In the warm winter sunshine outside the barracks, the blast of rocket- propelled grenades was unmistakable. "The security forces have a terrorist group surrounded," the commandant said. Several gendarmes had gathered in the barrack square, all looking south-west towards the village of Sidi Moussa, invisible through the pale heat haze below the mountains. Algeria's war was out of sight but not out of mind; and certainly not out of earshot. Three motor-cycle cops - back on the roads these past four months for the first time in more than four years - roared into the compound. "Things have improved," the commandant insisted. "Only a few months ago, all our men would have to have been in armoured vehicles."
But from the villages beyond Sidi Moussa, on the road from Larba to Tablat, terrible stories are emerging, more frightful than any that have yet come out of Algeria's secret war. The Islamic Armed Group (GIA), one rumour says, moved into the villages on the Col des Deux Bassins - on the steep hillsides of the Mitidja - and cut the throats of up to a hundred men, women and children at the weekend. "The government doesn't want the news out yet because it will cast a bad reflection on last week's constitutional referendum," an Algerian businessman had told us two hours earlier. "This is the most savage crime I have ever heard of." If true, it would be the most horrible atrocity yet committed in the Algerian war, worse than this month's throat-cutting at Sidi el-Kebir, comparable to the epic massacres of the 1954-62 war of independence against France.
But is it true? Not a word has appeared in the government-controlled press, save for a dramatic account - third-person and with no quoted eyewitnesses - of the "liquidation" of a GIA unit of 12 men near Ghardaia. Ouled Abderbi, the district "emir" of the GIA group in the "wilaya" (governerate) of Ghardaia, had been "annihilated", according to Le Matin. The throat-cutters who had savaged the villagers of Bouferkine were no more. No prisoners. It was a familiar story.
And when we asked the commandant about reports of the Col des Deux Bassins massacre, he raised his eyebrows. "We received information that four men from Sonagaz [the Algerian state gas company] had their throats cut around there.

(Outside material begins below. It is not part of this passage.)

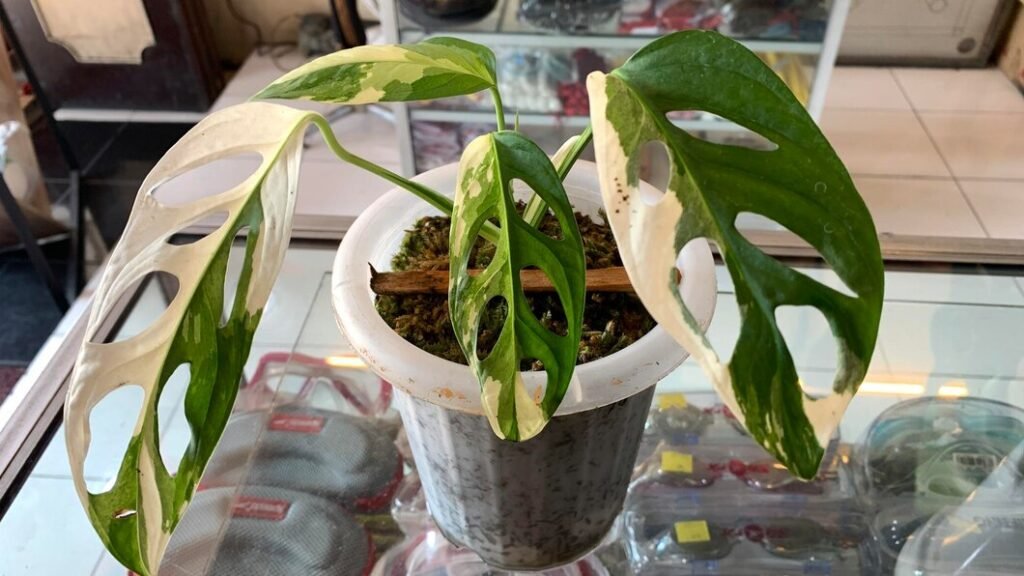 Monstera Borsigiana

Nothing more." But even among the Algiers gendarmerie, the barbarism of this war comes through. Just in passing, the commandant mentions to us that the "Islamists ", "thieves as much as terrorists," he calls them - have run short of ammunition. "We find their Kalashnikovs and lots of [Israeli-made] Uzi automatic weapons, but no bullets," he says. Could that be, I ask, why they cut so many throats, to save ammunition? The commandant leans across the table and points at me. "Exactly," he replies. And then - another aside, a passing comment - he adds: "They don't only use knives to cut throats now. They are using saws, wood-cutters' saws, to cut the throats of their prisoners."
"Don't believe the stories that the GIA has been infiltrated," another officer says. "If it had been, we would have won the war by now. A year ago, at the presidential elections, they pardoned about 1000 prisoners and let them out of jail. Many were intimidated back into the GIA. They've just freed another 60 or so men and we've been told to keep an eye on them. But they live outside Blida and it's hard enough to get into some of those places, let alone watch the guys we want to watch."
Back in the capital, the stories start again. There are another 21 dead civilians in a village south of the capital, an Algerian journalist says. Another 11 people were slaughtered in Baraki at the weekend. At least one GIA group is retreating through the Mitidja hills, setting mines behind them.
And I remember what the commandant said as we sipped coffee in his mess. "I saw a schoolgirl in the Blida morgue who had had her throat cut. I don't know if it's true what they said, that her murderers cut "GIA" on her hand. I didn't see her hands. But I saw her head. They had almost completely severed it from her body."